When you reach the line that contains "After Botox", please begin copying, and carry on exactly to the last line of the material, leaving out every picture.

——————————

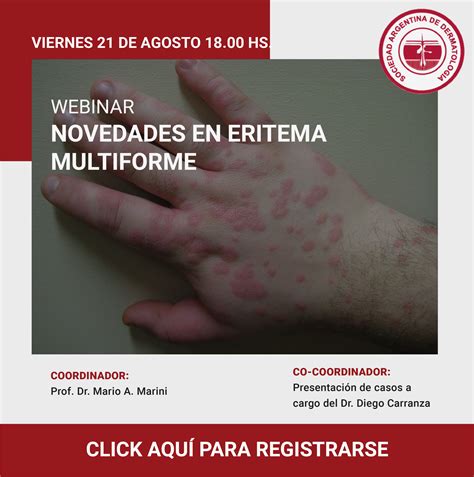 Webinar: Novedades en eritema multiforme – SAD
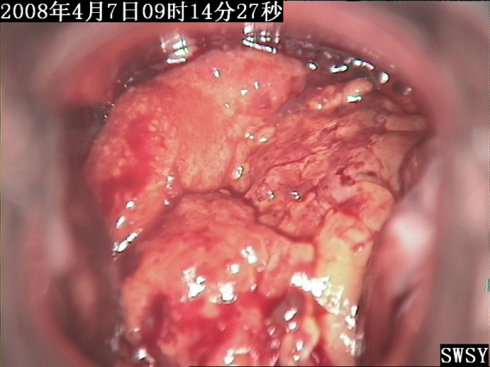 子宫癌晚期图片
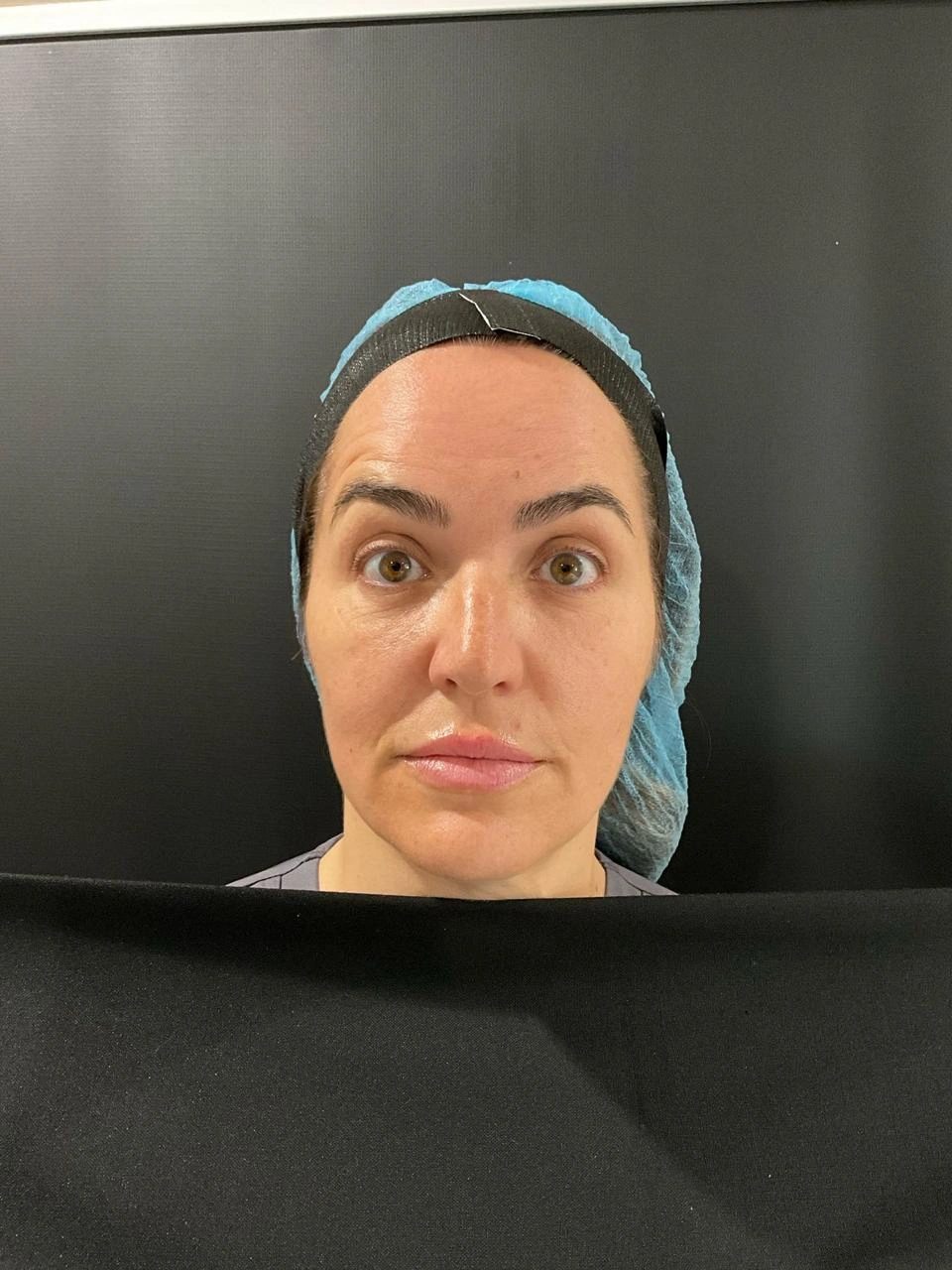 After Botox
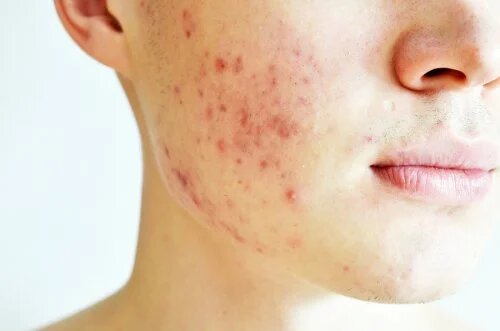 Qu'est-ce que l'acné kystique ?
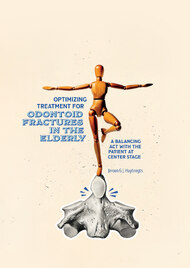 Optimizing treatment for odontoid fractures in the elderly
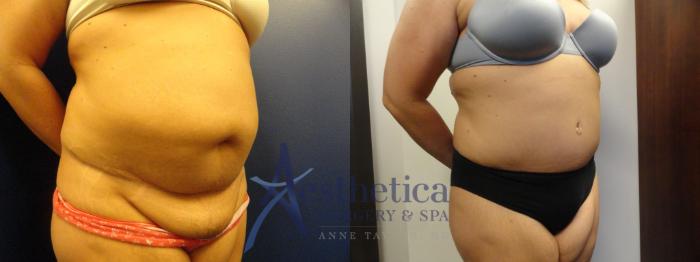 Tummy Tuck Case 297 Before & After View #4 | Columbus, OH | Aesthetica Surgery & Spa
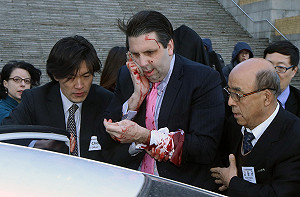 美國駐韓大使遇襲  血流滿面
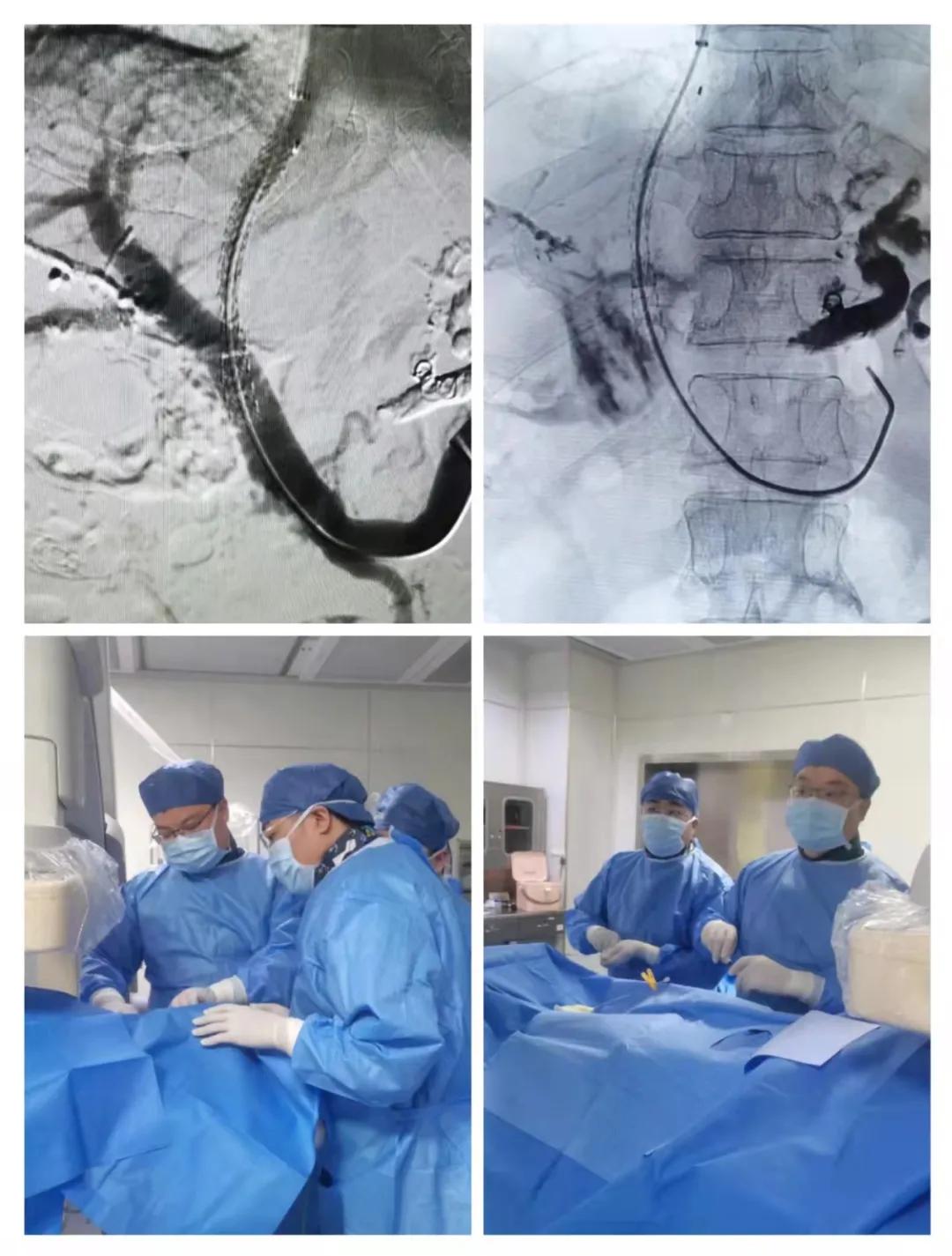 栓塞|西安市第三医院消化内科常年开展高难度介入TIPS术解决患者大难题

——————————

Answer below
 After Botox
 Qu'est-ce que l'acné kystique ?
 Optimizing treatment for odontoid fractures in the elderly
 Tummy Tuck Case 297 Before & After View #4 | Columbus, OH | Aesthetica Surgery & Spa
 美國駐韓大使遇襲  血流滿面
 栓塞|西安市第三医院消化内科常年开展高难度介入TIPS术解决患者大难题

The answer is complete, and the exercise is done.